Слишком светло, не очень чисто. Поставив на пол огромный кассетник, за столом накачивалась пивом молодёжь, бледная и отрешённая. Девушки были в майках без лифчиков. Ярость сортирных рисунков была такова, что соответствующие дыры вожделений местами сквозили, пробитые уж неизвестно чем — отвёртками? — сквозь треснувший пластик. Юный итальянец их обслужил. Они вышли к бензоколонкам. Отхлебнув пива, Люсьен посмотрел на пластмассовый стаканчик у Алексея в пальцах.
— Кофе на ночь?
— Привычка.
— Почему ты, собственно, работаешь ночами?
— Ибу, — ответил он, что по-французски значило «сова».
— Не сова ты, а мизантроп.
— Кто — я?
— Не любишь ближнего, как самого себя.
— Может быть…
— Потому что себя не любишь.
— Тоталитаризм.
— Нет. Эмиграция. Все вы такие, эмигранты, — папаша Мацкевич тоже, а он социализма в Польше не застал. Это ваш комплекс неполноценности.
— Нет у меня никакого комплекса… — Со стаканчиком в руке под звёздным небом этой ночи, которая и посреди бельгийских полей давала иллюзию родного места, Алексею так и казалось. — Там я себя эмигрантом чувствовал больше.
— В России?
Автоматически он поправил западного невежу:
— В Союзе Советских…
— Да, но почему?
— Всё там чужое было, mon ami. И не безразлично чужое, как неон или эта вот ракушка SHELL. Агрессивно враждебное.
— Ничего своего?
— Ничего. Кроме смутной мечты.
— О чём?
— Об ином.
В круг света въезжали неожиданные люди, заправлялись, бросив на них, стоящих, безразличный взгляд, входили расплатиться, убывали. Группа молодёжи вышла, опрокинула урну, погрузилась в открытый американский «кадиллак», выкрашенный в безумный розовый цвет, и уплыла в ночь, предварительно разбив за собой об асфальт бутылку с пивом.
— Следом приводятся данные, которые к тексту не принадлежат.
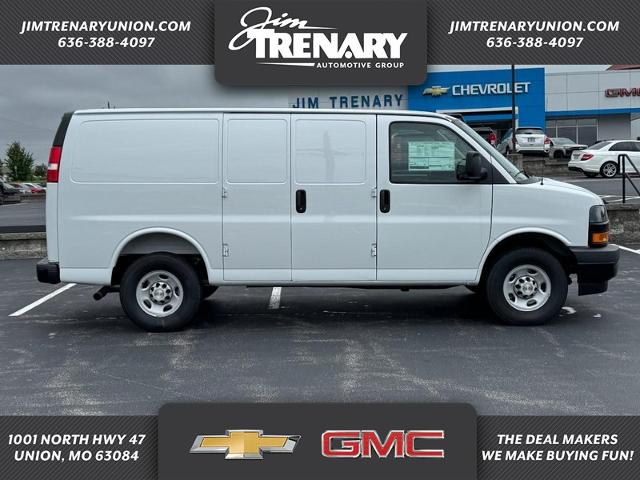 2026 Chevrolet Express 2500 Work Van HD's photo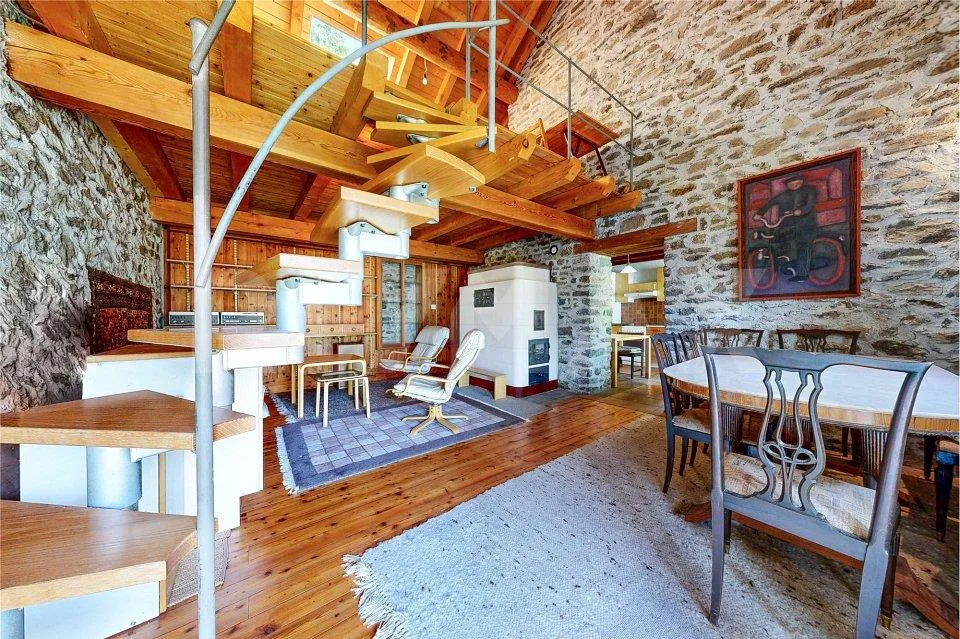 Affascinante casa in pietra con giardino e terrazza panoramica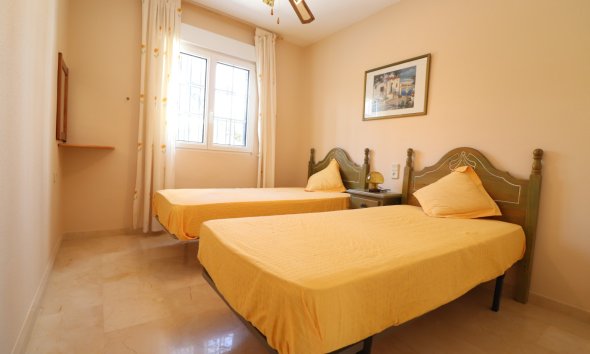Resale - Bungalow - Orihuela Costa - Villamartín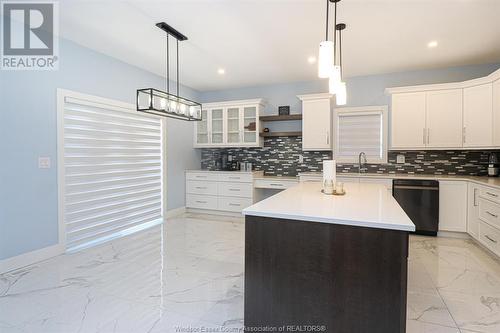 4414 Belmont, Comber, ON - Indoor Photo Showing Kitchen With Upgraded Kitchen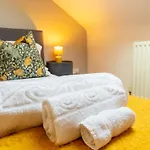 Sleeps 8! Stylish 2 Bedroom House In Barrow-In-Furness - Close To Bae Systems, Hospital & Lakes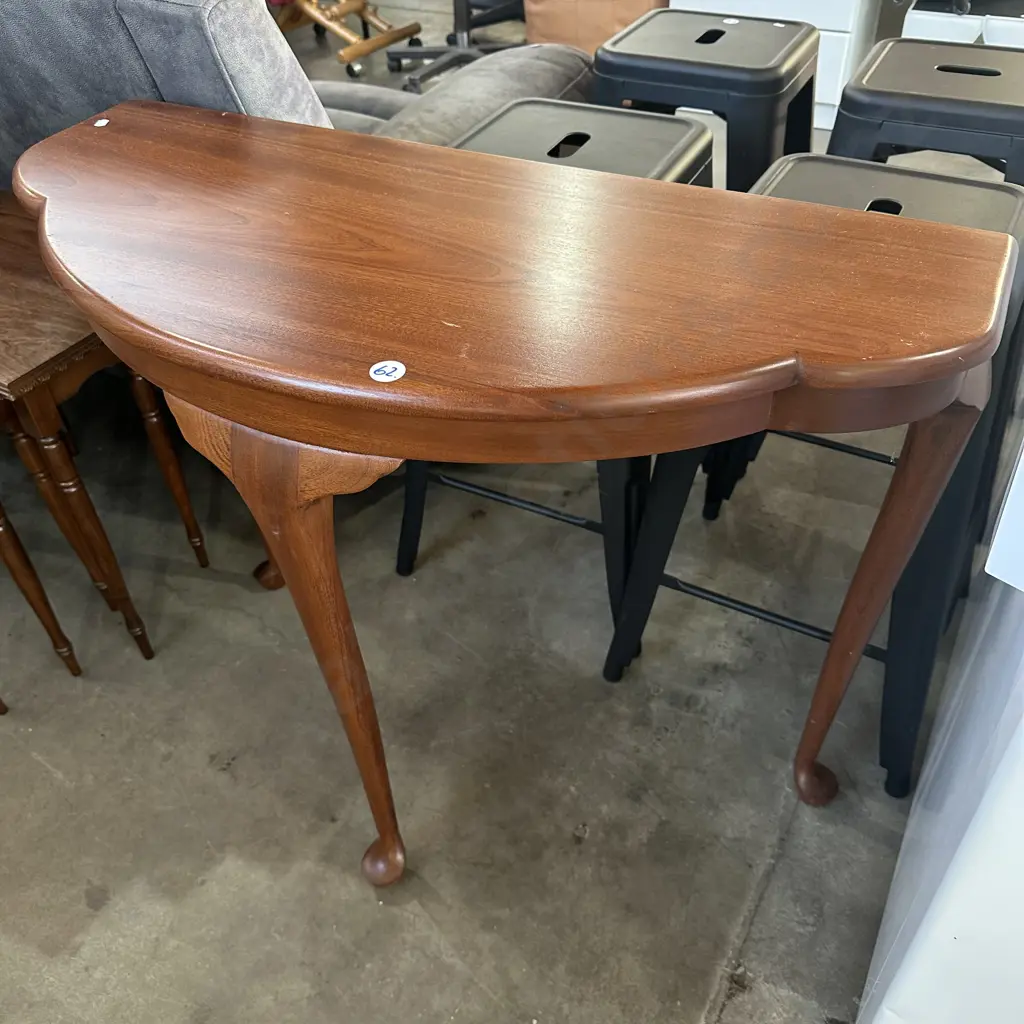 solid Mahogany cab leg hall table 950w Image 1++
— Тогда, наверное, я тоже эмигрант.
Алексей качнул головой.
— Ты нет…
— Внутренний — я имею.
— Нет. Вы эскаписты.
— Какая разница? Вы бежите, мы бежим…
— Но в разных направлениях.
— То есть?
— Вы — от, мы — к.
— К?
— К.
— К чему же это?
— Предположительно к себе. К России.
Он засмеялся.
— Ладно. Идём chez nous…[82]
За время отсутствия на стоянке вырос гигантский трейлер, на борту надпись «Лондон — Вена». Водители в роще готовили ужин. Жаровня озаряла их, обнажённых по пояс, мускулистых. На столе светился огонёк транзистора, вместе с запахом мяса доносилась музыка — из фильма «Третий человек».
Они разложили сиденья и легли. В бутылке плеснуло виски.
— Будешь?
— Спасибо, — отказался Алексей, и Люсьен устроился с бутылкой повыше. После каждого глотка он её завинчивал.
— Спишь?
— Нет…
— Ты когда-нибудь занимался любовью с мужчиной?
Люсьен смотрел ему в лицо. В машине вдруг стало тесно. Алексей усмехнулся:
— Стрейт.[83]
— Straight, — повторил Люсьен… — Звучит самодовольно. Нет? Прямо как credo какое-нибудь.
В джинсах вдоль голеней, где волосы, ноги у Алексея зудели от пота — и в промежности тоже. Было жарко и душно. Сигаретный дым с неохотой вылезал из машины.
— Или, — сказал Люсьен, — ты против принципиально?
— Почему же? Жизнь многообразна.
— А ты в ней сделал выбор. Я, дескать, straight. И всё тут.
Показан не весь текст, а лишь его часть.